You also have to think about how explicitly typed bindings interact with implicitly typed bindings. Which order do you process the bindings in? Let’s look at an example with cyclic dependencies (a references b, which references c, which references a again).

a x = [b x]

b :: a -> a
b y = let foo = c 'c' in y

c z = "foo" ++ a z

If b wasn’t explicitly typed, these three definitions would constitute a single binding group. Due to the restriction on the types of things in binding groups, a would have the type Char -> [Char] and b would have the type Char -> Char. (c’s type is Char -> [Char] regardless of whether b is explicitly typed or not.)

Explicitly specifying the type for b breaks apart this binding group. Now the type of a is t -> [t] and the type of b is a -> a. Explicitly stating the type of b changed not only b’s type, but also the type of a. That’s because a is not longer in a binding group with c.

Before computing the binding groups and sorting them, explicitly typed bindings are first pulled out of the call graph¹. They are kept in a separate list. Then the remaining bindings (the implicitly typed ones) are examined to find the dependencies between them. All this is done with the goal of making the types for these bindings be as general as possible. Typing a as t -> [t] is preferrable to typing it as Char -> [Char].

A new list is added to the BindGroup type to hold the explicitly typed bindings:

type Impl = (Id, Expr)
type Expl = (Id, Scheme, Expr)
type BindGroup = ([Expl], [[Impl]])

An Expl holds an explicitly typed binding. It’s like an Impl with a type scheme added to it.

We have to be careful about the order we process these bindings in. As you saw in the example above, an implicitly typed binding might depend on an explicitly typed binding. That means that the types of the explicitly typed bindings have to be added to the assumptions when inferring the type of implicitly typed bindings.

Explicitly typed bindings can also reference implicitly typed ones. When checking that the type of the explicitly typed binding is valid, we have to know the type of the implicitly typed bindings in order to be able to tell if the type the user provided is correct or not. This means that checking the validity of explicitly typed bindings must happen after processing the implicitly typed ones.

When processing the implicitly typed bindings, we have to trust that the user-provided types are correct because we can’t actually check them until after processing the implicitly typed bindings. Here’s what that logic now looks like:

tiBindGroup :: Infer BindGroup [Assump]
tiBindGroup as (es,iss) = do
  let as' = [ v :>: sc | (v, sc, _) <- es ]
  as'' <- tiSeq tiImpls (as' ++ as) iss
  _ <- mapM (tiExpl (as'' ++ as' ++ as)) es
  return $ as'' ++ as'

In this code, es is the list of explicitly typed bindings. as' is the assumptions for the explicitly typed bindings (trusting that the provided type is correct).
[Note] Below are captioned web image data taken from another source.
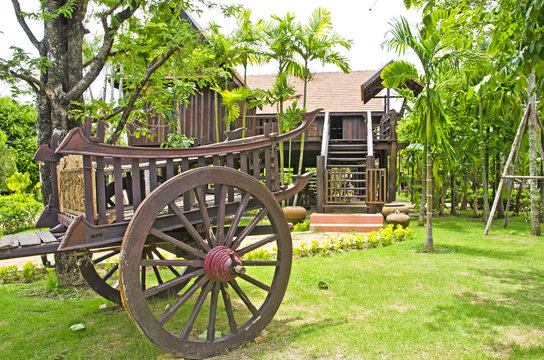 Thai house style and Old farmer wooden cart in Thailand.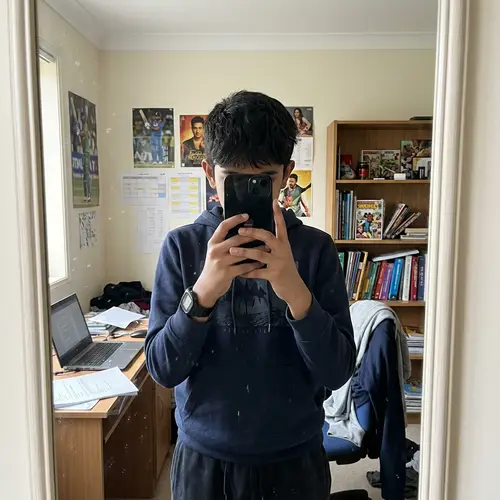 Intriguing Self-Portrait: 14-Year-Old South Asian Boy Taking iPhone Mirror Selfie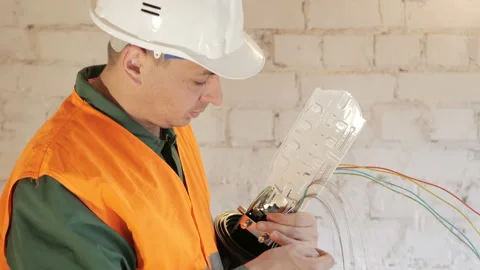 A network engineer in a server room with an optical cable. Stock Footage 89221175
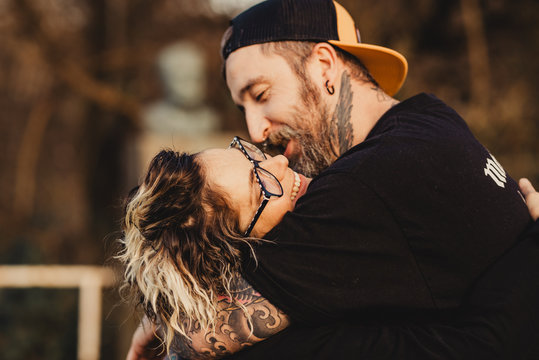 Happy young couple hugging in forest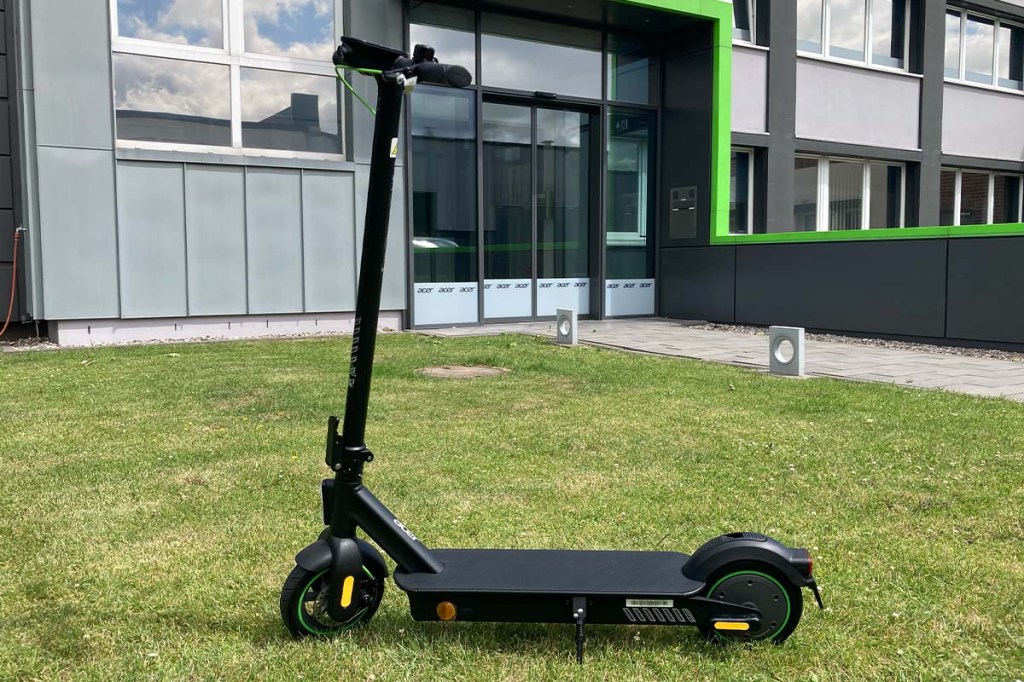 E-Scooter auf einer Wiese vor einem Bürogebäude stehend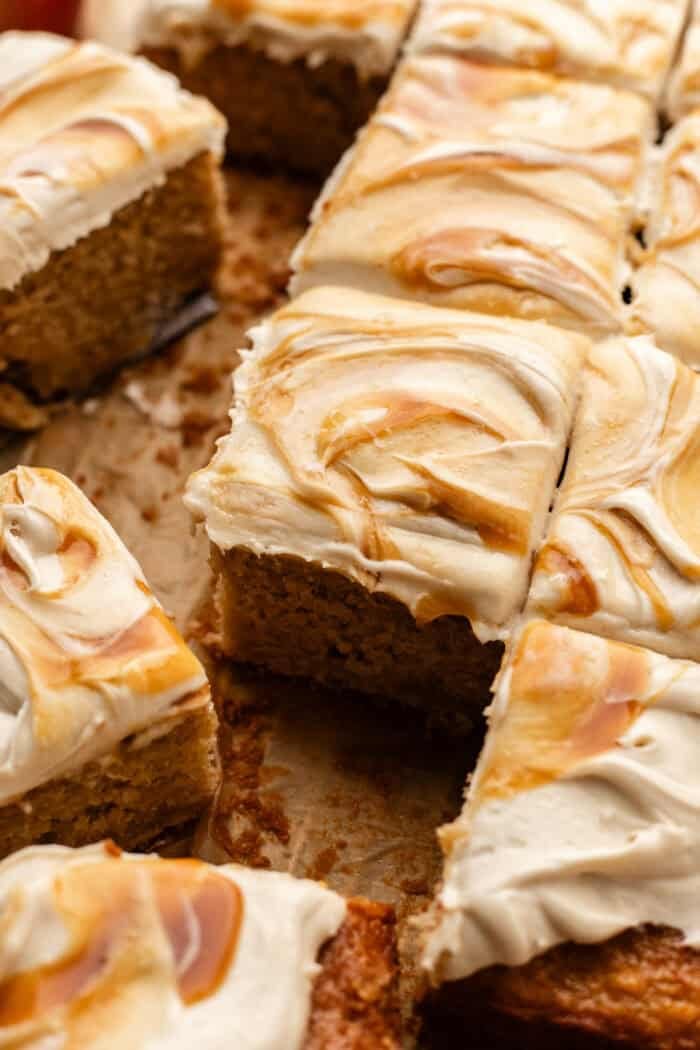 sliced apple spice cake with caramel on the cream cheese frosting on parchment paper.
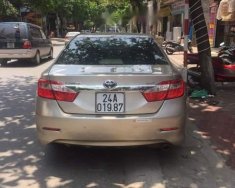 Toyota Camry 2013 - Cần bán Toyota Camry đời 2013, màu vàng, xe nhập chính chủ, 730 triệu giá 730 triệu tại Lào Cai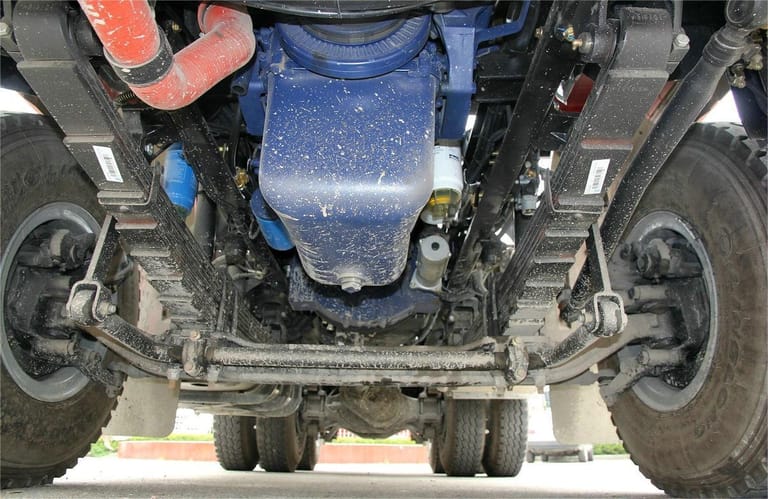 Shacman X3000 375HP 6x4 Tractor Truck chassis view showing reinforced steel frame, 13T MAN rear axles, and suspension system for heavy-duty transport Shacman X3000 375HP 6x4 Tractor Truck chassis view showing reinforced steel frame, 13T MAN rear axles, and suspension system for heavy-duty transport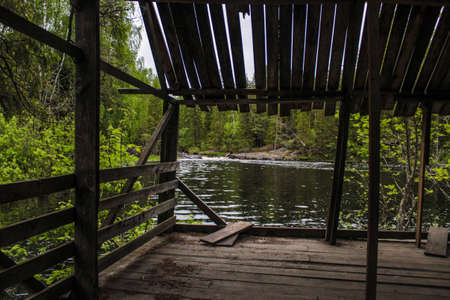 Old wooden arbor on the lake shore in the forest, Republic of Karelia, Russiaの写真素材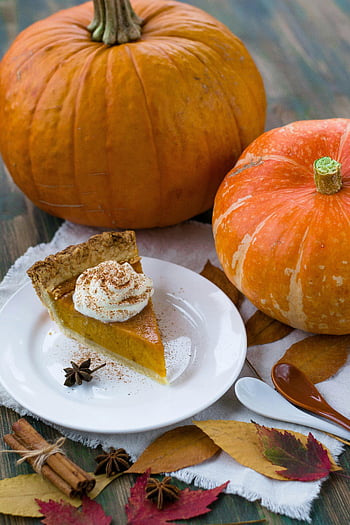pumpkin pie, whipped cream, white ceramic plate, autumn leaves, fall celebrations, sliced pumpkin, ceramic plate, pumpkin slice, fall dessert, seasonal treat, festive food
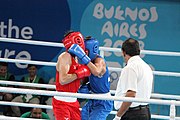 Deutsch: Boxen bei den Olympischen Jugendspielen 2018 Tag 12, 18. Oktober 2018 - Kampf um Bronze im Leichten Weltergewicht Jungen – Hassan Azim (Großbritannien, rot) schlägt Mohammed Boulaouja (Marokko, blau) RSC; Ringrichter ist Wulfren Olivares Peréz (Kolumbien). English: Boxing at the 2018 Summer Youth Olympics on 18 October 2018 – Bronze Medail Match Light Welterweight Boys - Hassan Azim (Great Britain, red) beats Mohammed Boulaouja (Morocco, blue) RSC; Referee is Wulfren Olivares Peréz (Columbia). Español: Boxeo en los Juegos Olímpicos Juveniles de Verano de 2018 en 18 de octubre de 2018 - Medalla de bronce de los hombres ligeros de peso welter: Hassan Azim (Gran Bretaña, rojo) vence a Mohammed Boulaouja (Marruecos, azul) RSC; El árbitro es Wulfren Olivares Peréz (Colombia).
Then as'' is the list of assumptions that come from the implicitly typed bindings. Finally, tiExpl is applied to each of the explicitly typed bindings to check that their type is valid.

tiExpl :: Infer Expl ()
tiExpl as (i, sc, e) = do
  t <- freshInst sc
  tiBinding as e t

  s <- getSubst
  let t'  = apply s t
  let fs  = tv (apply s as)
  let gs  = tv t' \\ fs

  let sc' = quantify gs t'
  if sc /= sc' then
      fail "signature too general"
    else
      return ()

The logic in tiExpl starts off by using the same tiBinding function that tiImpls used. Remember that tiBinding unifies the type found for the expression e with the type t. If the declared type is invalid in some way, that unification will fail. For example, if the type contained Bool where the code needed an Int, that wouldn’t unify. That’s the first way this could fail.
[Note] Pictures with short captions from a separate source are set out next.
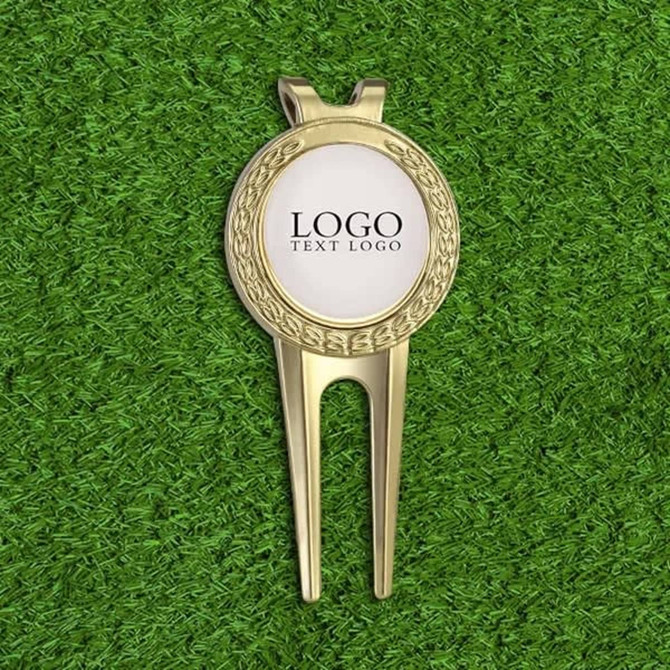 A gold golf divot tool with a circular ball marker, resting on green grass. The marker features a logo.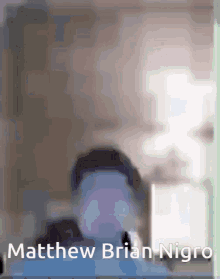 a blurred image of matthew brian nigro with a white box in the background
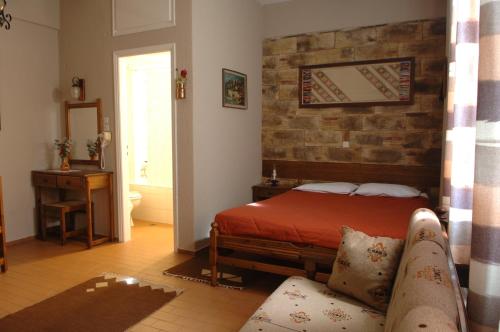 a bedroom with a bed and a brick wall at Rigas Hotel Arachova in Arachova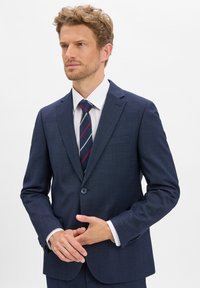 Granatowy garnitur z tkaniny o teksturze, zapinany na jeden guzik, z klapami w szpic i kieszeniami bocznymi; w zestawie z białą koszulą i wąskim krawatem w paski.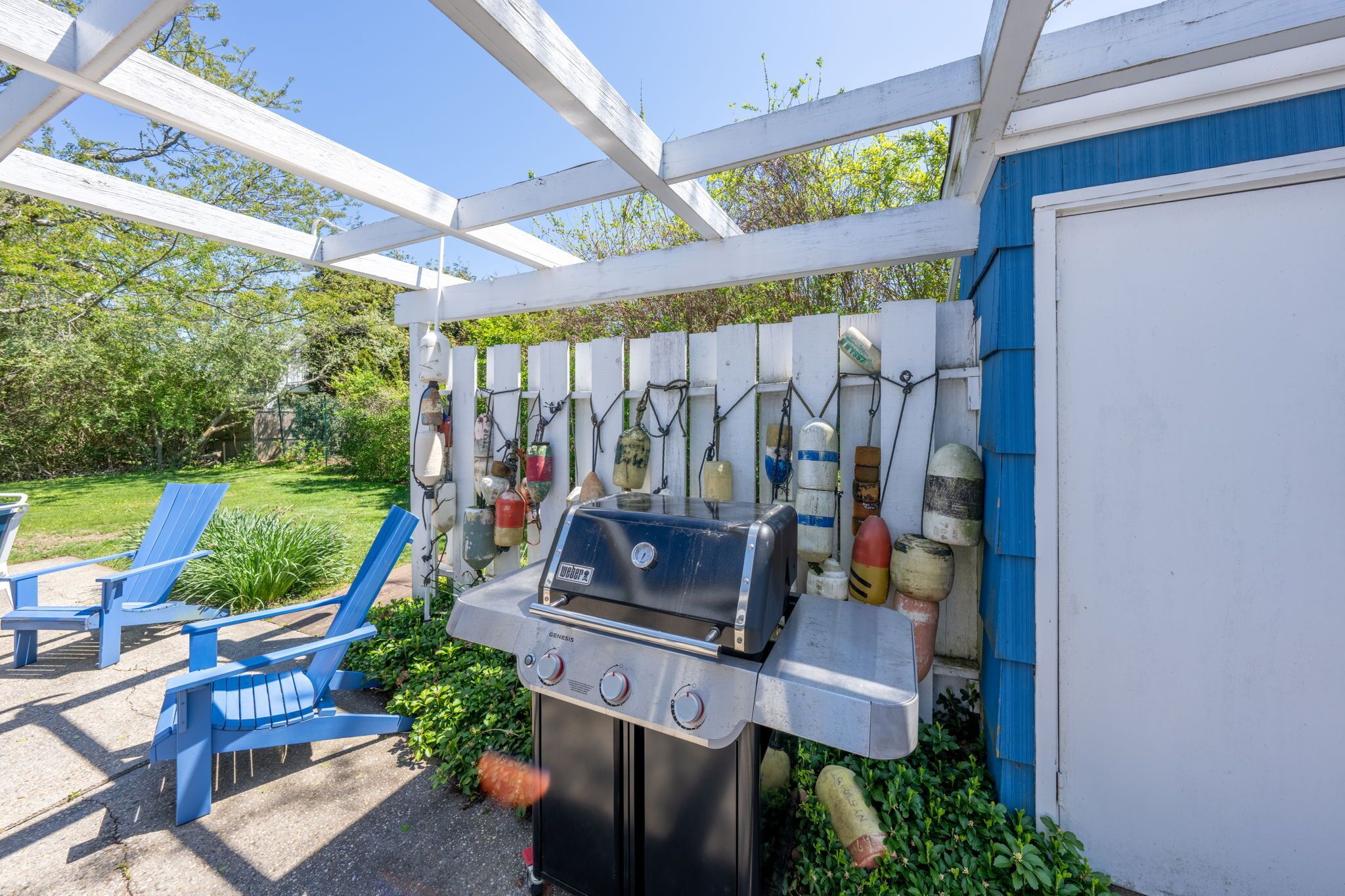 A barbecue grill under a white pergola, surrounded by blue Adirondack chairs and a garden.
If the explicit type is less general than the most general type that could have been inferred, unification will update the substitution to restrict the type down to what is explicitly stated.

The middle section of tiExpl finds the set of type variables gs to quantify over. This is the same process that happened in tiImpls.

The last section quantifies the type and checks that the quantified type matches the explicitly declared type. If it doesn’t, that means the type is too general. For example, if you wrote myFunction :: a -> a when it actually only works with strings, that type declaration would be too general. Types that are too specific or just plain wrong would have already been caught by unification. But if the declared type was too general, unification would have happily accepted it. That’s why this additional check is needed. This is the second way this function could fail.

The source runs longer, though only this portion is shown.